So far, a poorly-organized Syrian opposition has proven unable to self-organize and form a steady front against the forces of President Assad. Terror tactics used by militants allow them to kill military and governmental officials, but do not help to hold positions against a regular army.

“We come here to learn. Kosovo has walked this path and has an experience that would be very useful for us,” says the head of the Syrian delegation Ammar Abdulhamid, a Syrian-born human rights activist and dissident. “In particular, we’d like to know how scattered armed groups were finally organized into KLA.”

Syrian opposition leaders have promised to immediately recognize Kosovo once they seize power in the country.

“We’re in vital need of joint actions as a coalition opposition,” stressed Ammar Abdulhamid, a long-time opponent of the Syria’s President Bashar Assad. In 2005, he left Syria to settle in the US.

The training camp on the Albanian-Kosovo border that has welcomed Syrian attendees was originally organized by the US to help the KLA train its fighters.

The Kosovo Liberation Army (KLA) was considered a terrorist organization by the US, the UK and France for years until, in 1998, it was taken off the list of terrorists with no explanation given. The KLA used to have up to 10 per cent of underage fighters in its ranks.

There were numerous reports of the KLA having contacts with Al-Qaeda, getting arms from that terrorist organization, getting its militants trained in Al-Qaeda camps in Pakistan and even having members of Al-Qaeda in its ranks fighting against Serbs.

The same horrors that were witnessed during the war in Kosovo are now apparently being prepared for the multi-confessional Syrian population by Islamist Syrian Liberation Army trained in Muslim Kosovo in the middle of Europe.

The Syrian Liberation Army group that actually formed the delegation to Kosovo has been fighting with the Syrian government for over a year now. This stand-off has claimed well over 9,000 lives, about half of them Syrian servicemen, law enforcers and officials.

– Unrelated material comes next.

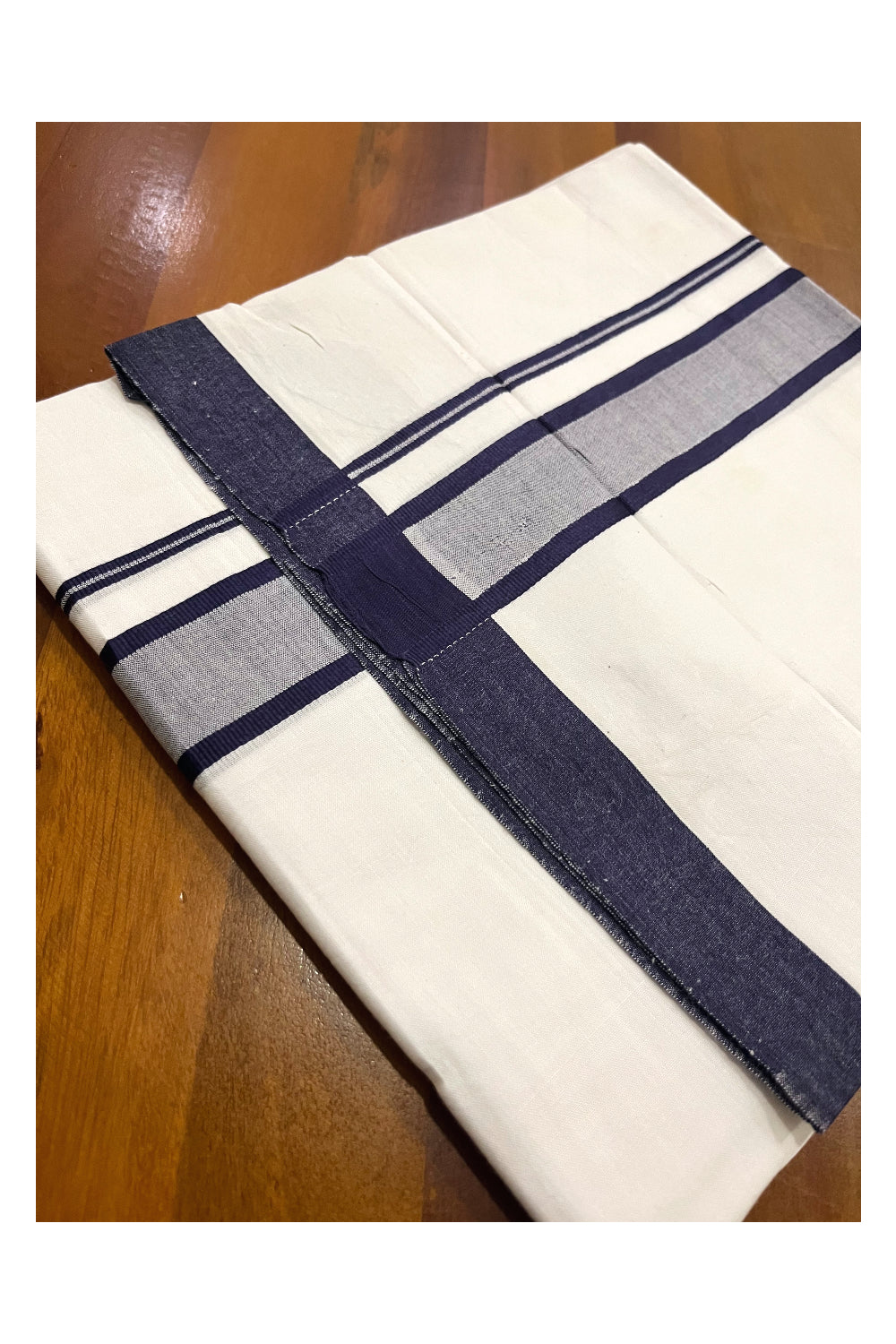 Pure White Cotton Single Mundu (Otta Mundu) with Navy Blue Border (South Indian Kerala Dhoti)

Lately, the militants have been squeezed out of the Syrian cities and their positions along the Syrian-Turkish border. Being unable to turn the tide independently, the Syrian Liberation Army has been addressing to its foreign sponsors to start a military intervention into Syria to topple President Bashar Assad.

Marauder and ethnic-cleansing tactics

­Wiping out local minorities after an extensive NATO air-strike were the only combat tactics the KLA had mastered and the only thing the Syrian opposition can really learn from them, foreign affairs editor for the US-based Chronicles magazine, Srdja Trifcovich, told RT.

RT: Just what might the Syrian opposition learn at these camps?

Srdja Trifcovich: Well, first of all I don’t think they can learn much from the KLA veterans in terms of combat efficiency because the KLA was singularly unsuccessful in its rebellion against the Serbian security forces until the NATO bombing. They started their terrorist ambushes in 1997. They intensified their activities in 1998. But all along it was atrocity management that they wanted, for instance, the famous case of Racak where the combat victims were presented as innocent civilian dead slaughtered by the Serbs.

But even during the bombing the Serbian forces maintained full control of all of the key population centers and they even kept the roads open. It’s only that the KLA came in after the Serbs started withdrawing under the terms of the ceasefire with NATO. And even then they were not engaging in combat, they were acting as marauders ethnically cleansing non-Albanians. So the first point is that there is nothing to learn in terms of combat efficiency and in terms of actually organizing a successful guerilla force.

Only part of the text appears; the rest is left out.